Your objective: Within the entries below, find the portion that opens with the line containing "I’m fucking my" and closes with the line containing "XPeng G9 Rücksitze". Retype that portion exactly and only.

Extracted records:
○ ○ ○ ○ ○ ○ ○
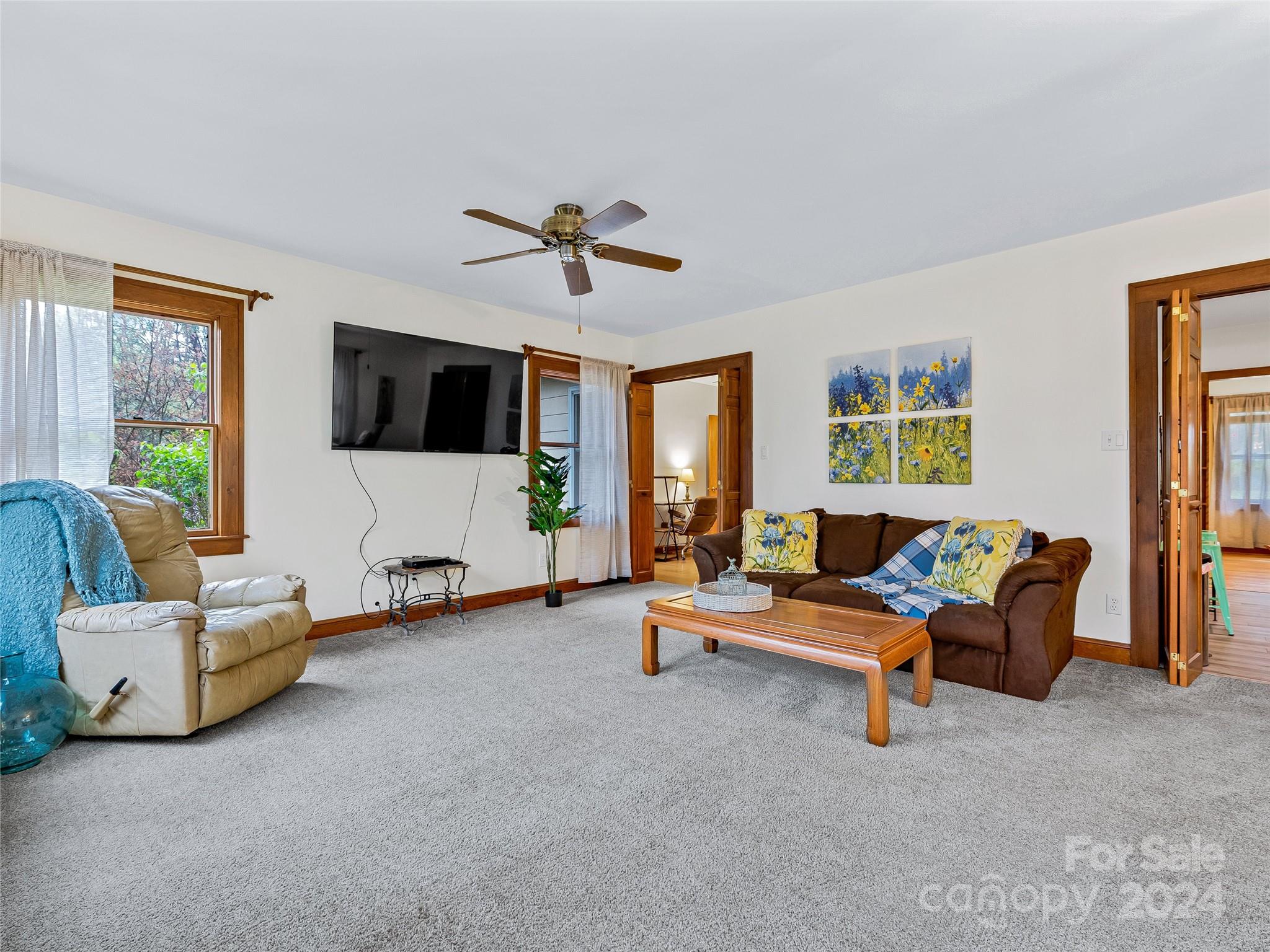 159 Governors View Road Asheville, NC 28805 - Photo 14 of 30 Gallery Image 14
○ ○ ○ ○ ○ ○ ○
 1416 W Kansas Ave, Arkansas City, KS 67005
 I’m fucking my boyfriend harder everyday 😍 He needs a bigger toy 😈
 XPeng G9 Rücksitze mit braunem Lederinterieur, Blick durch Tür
○ ○ ○ ○ ○ ○ ○
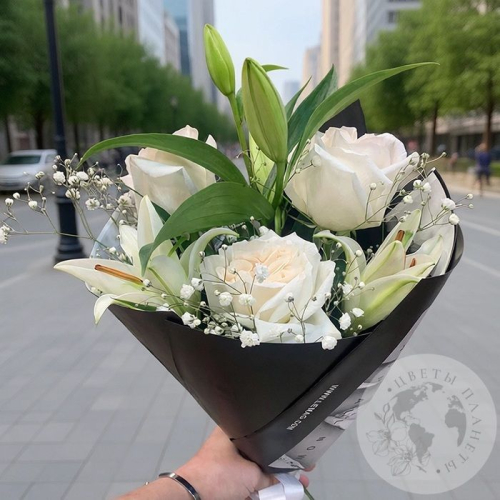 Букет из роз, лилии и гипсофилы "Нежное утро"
○ ○ ○ ○ ○ ○ ○
Answer section:
 I’m fucking my boyfriend harder everyday 😍 He needs a bigger toy 😈
 XPeng G9 Rücksitze mit braunem Lederinterieur, Blick durch Tür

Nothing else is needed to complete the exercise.